Buchanan wonders whether the United States will implode by 2025. This was my own scenario in Mister, where the United States disintegrates in a hyperinflationary chaos. But it is difficult to predict with accuracy and I would not want to speculate beyond a possible dismemberment along regional lines sometime this century. When it happens, whenever it may happen, those who remember the America we know today and who did not know better until it was too late will be amazed that people thought the United States would go on forever. They will also be amazed that people ever thought as they do now, despite the final outcome being so blatantly obvious. Buchanan’s diagnosis is mostly accurate, but his treatment, well intentioned as it is, is part of the problem, not part of the solution.
The Balance
Despite its defects, there is no escaping it: Suicide of a Superpower is a punishing indictment of the United States’ post-war political leadership, authored by a prominent conservative who speaks as part of America’s mainstream establishment. Any White American fed up with the way things have been going in recent decades and looking for new politics beyond Democrat or Republican will find here solid justifications for going beyond convention and eventually adding his muscle to the struggle for fundamental change.
Suicide will not awaken the complacent, induce the fearful to speak up, or cause ideological enemies to change their views. The complacent is comfortable in his ignorance and does not want his world disrupted by inconvenient truths; in most cases he has the means to avoid them by insulating himself economically. The fearful, who knows but remains silent, will not be emboldened by Buchanan’s confirming him in his views; he will wait, as he has always waited, and then side with change once it looks like it is going to win. The ideological enemy is beyond convincing; the only solution is to crush him thoroughly.
Should you buy Suicide of a Superpower?

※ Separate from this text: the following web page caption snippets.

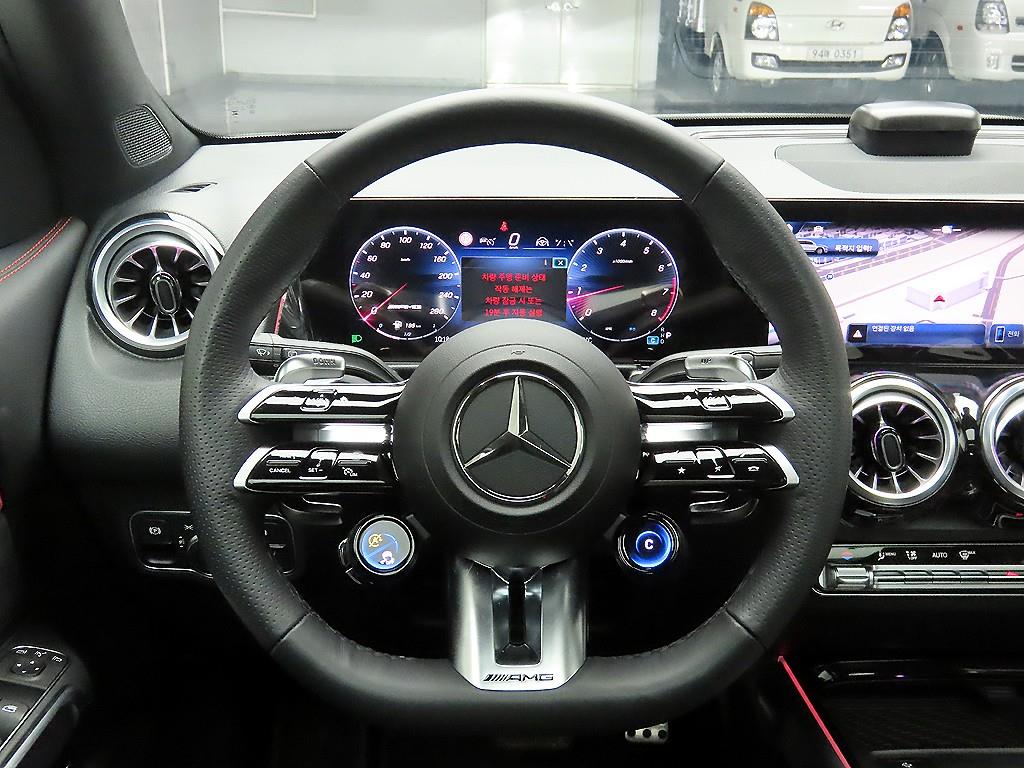 Mercedes Benz GLB Class - Vista 8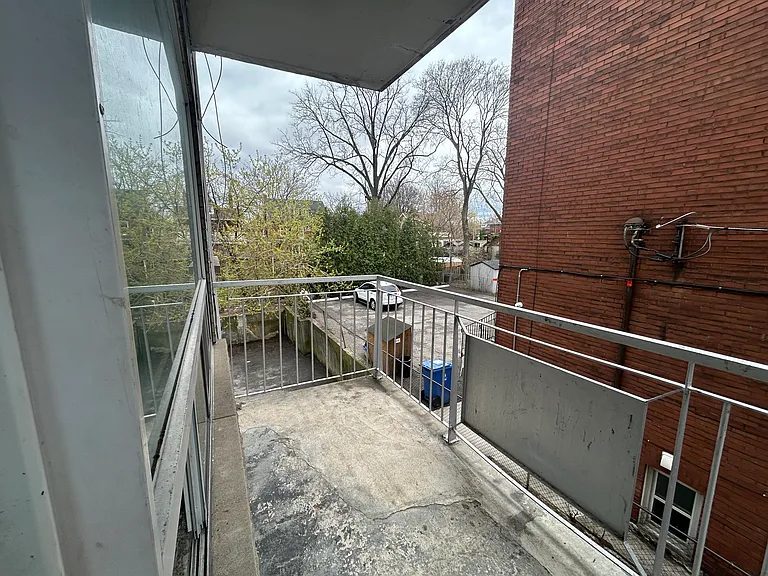 21 Balmoral Ave S #202 — Photo 13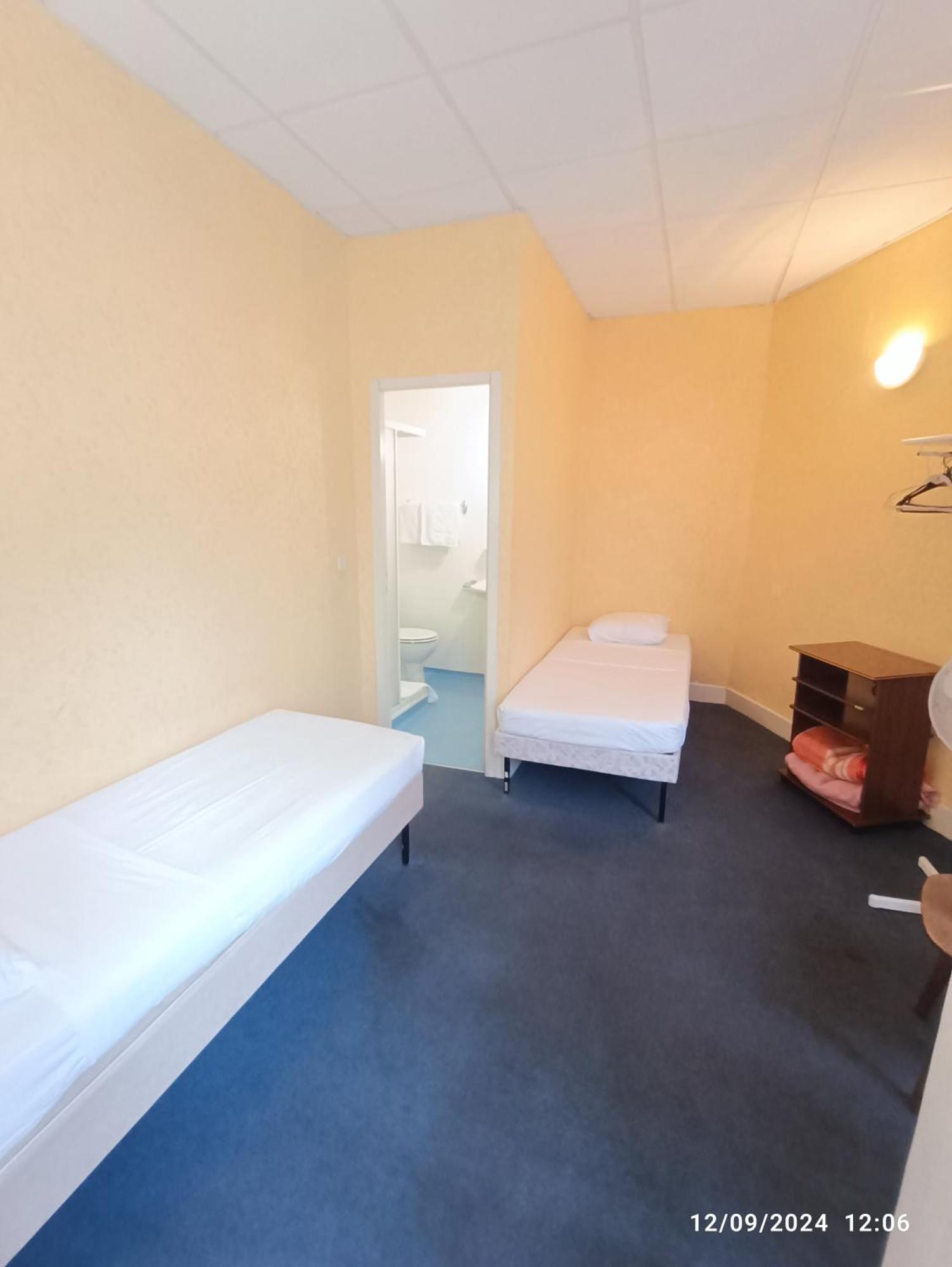 Chambre Chez Marie Et Didier 1 Minute A Pied Du Sanctuaire De Lourdes Luaran gambar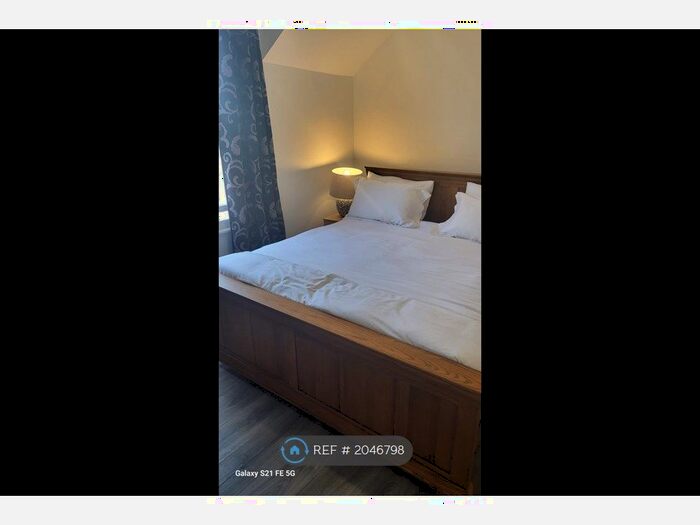 3 Bedroom Flat To Rent In Montagu Street, Kettering, NN16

The answer is yes. Not only is it brave, but it contains many helpful insights and bewildering facts to fuel a healthy debate. The fact that the book is everywhere has also infuriated the radical Left, who have renewed their efforts to have Buchanan fired by MSNBC. The radical Left does not want this kind of discussion to take place in a mainstream media forum. In fact, radical Leftists would like Buchanan to be banned from the networks, shunned by his publishers, phlebotomised by the taxman, prosecuted by the ICC, and sent to the gulags, to spend his old age in poverty, obscurity, and hard labour—surrounded, of course, by politically correct diversity. To his credit, Buchanan has not buckled in to criticism. Therefore, every copy that is sold is a kick to the radical Left, and added impetus for the book to reach more persuadables.
With enough manpower and talent it will be possible to survive the cataclysm and make it through to the other side. The other side is something entirely new; traditional, but different—it is not the White America of the 1950s, nor Reagan on steroids, nor is it a linear extrapolation of what is good about the 2010s minus what is bad. For Whites to survive in America, Americanism must end. Those who survive will be the architects of what comes after Americanism; they will not call themselves Americans—the designation may not even make sense for them. Viewed from the other side, with the old certainties gone and new ones in place, it will be impossible to think as we do today, even if future generations carry forward much of our knowledge, traditions, and cultural legacy.